Litigation Letter
Disclosure of sources
Ashworth Hospital Authority v MGN Ltd (H of L TLR 1 July)
Section 10 of the Contempt of Court Act 1981 provides: ‘No court may require a person to disclose… the source of information
contained in a publication for which he is responsible, unless it be established… that disclosure is necessary in the interests
of justice…’ The defendants had published in the
Mirror an article which included
verbatim extracts from the medical reports of Ian Brady, one of the Moors murderers, a patient at Ashworth Security Hospital and at
that time engaged on a well publicised hunger strike.

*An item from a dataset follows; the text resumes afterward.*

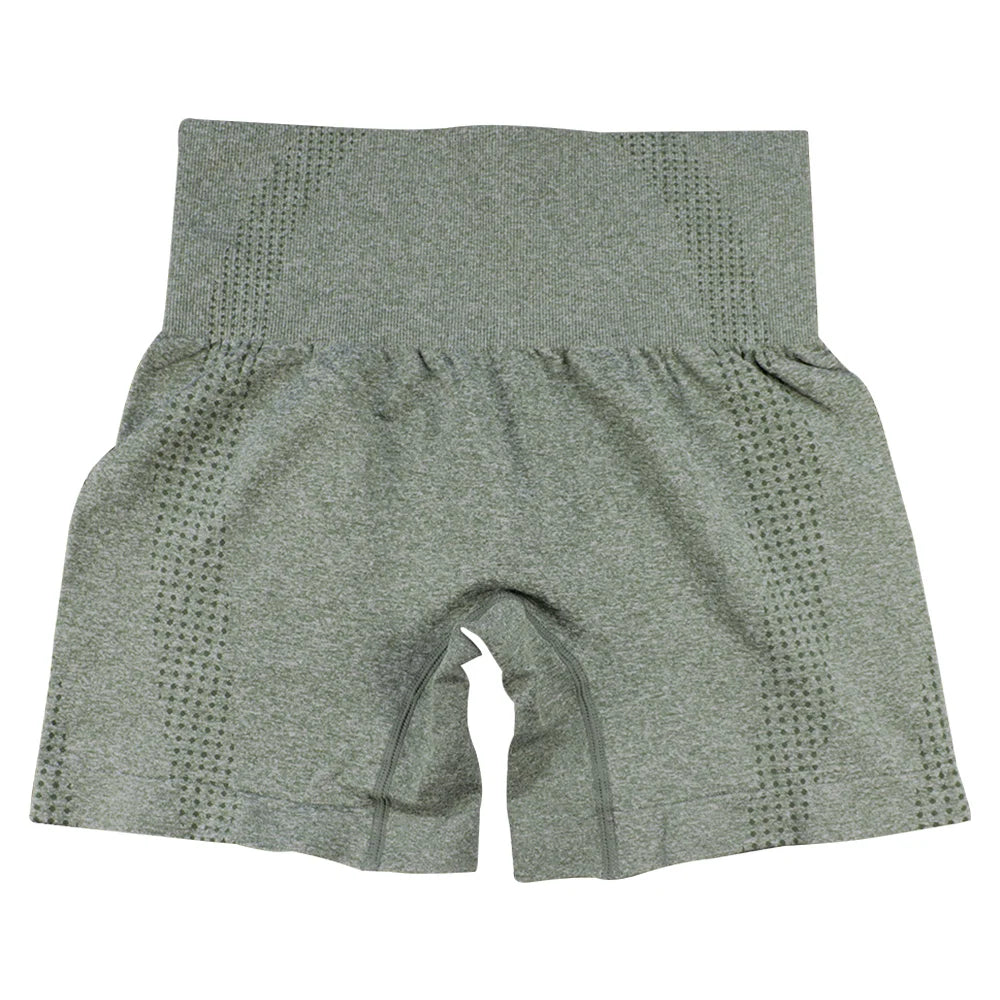 High Elasticity Women's Gym Shorts for Yoga and Fitness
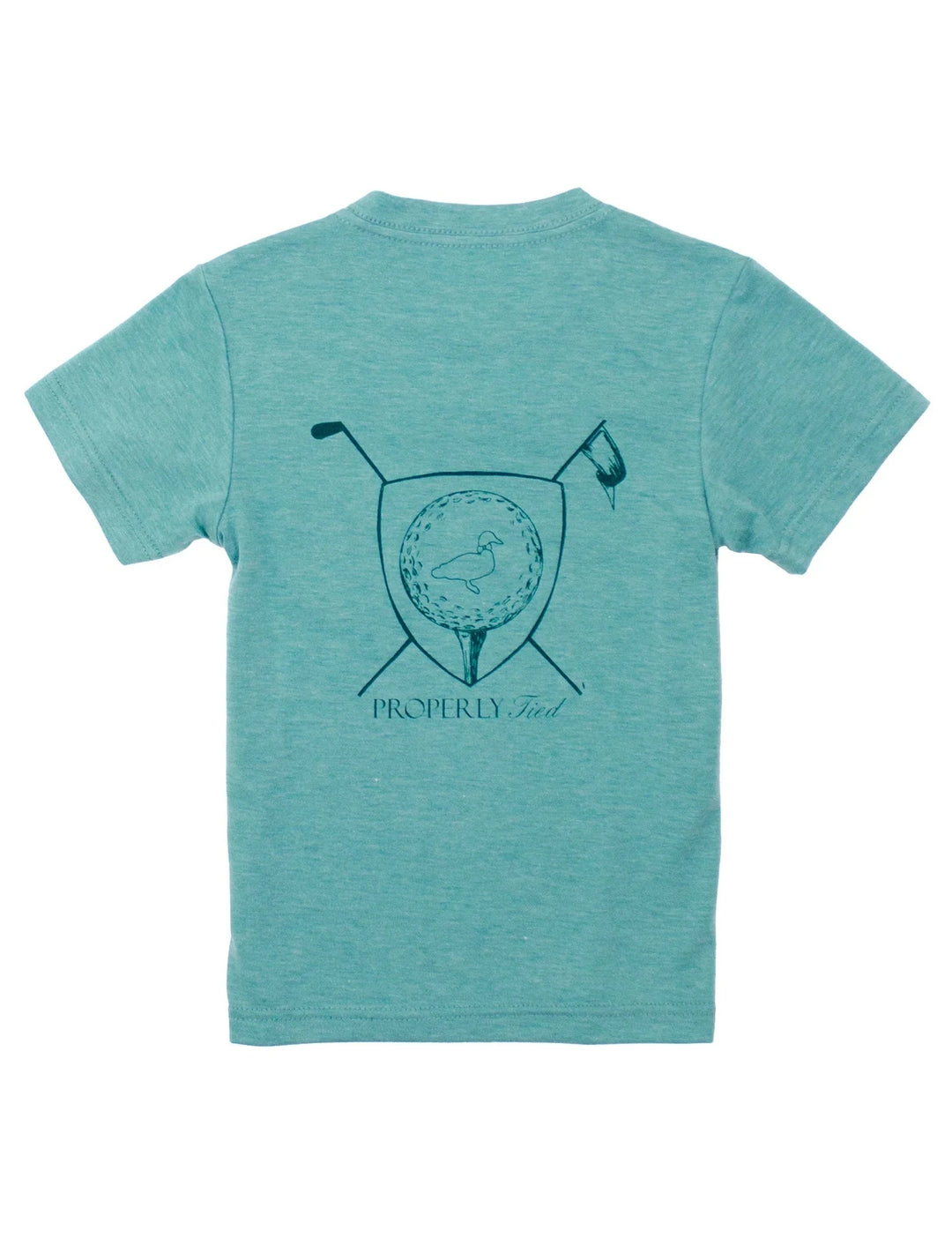 Portland Short Sleeve Pocket Tee - Tee Time Clover Boy Shirt Properly Tied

The judge had ordered the defendants to make and serve on the authority
a witness statement explaining how they had come into possession or control of Mr Brady’s medical records and identifying
any employee of the authority and the name of the person or persons involved in their acquisition. The author of the article
had said that he did not know the identity of the initial source of the information, but assumed it to be an employee of Ashworth.
He did know the identity of the intermediary who had supplied the material to him. Knowledge of the identity of the intermediary
would in all probability lead to the identity of the original source. The intermediary had been paid £1,500. In view of the
need for the integrity of hospital medical records to be protected, the House upheld the order made against the publishers
for disclosure of the source of information originating in those records and used in the article published in the newspaper.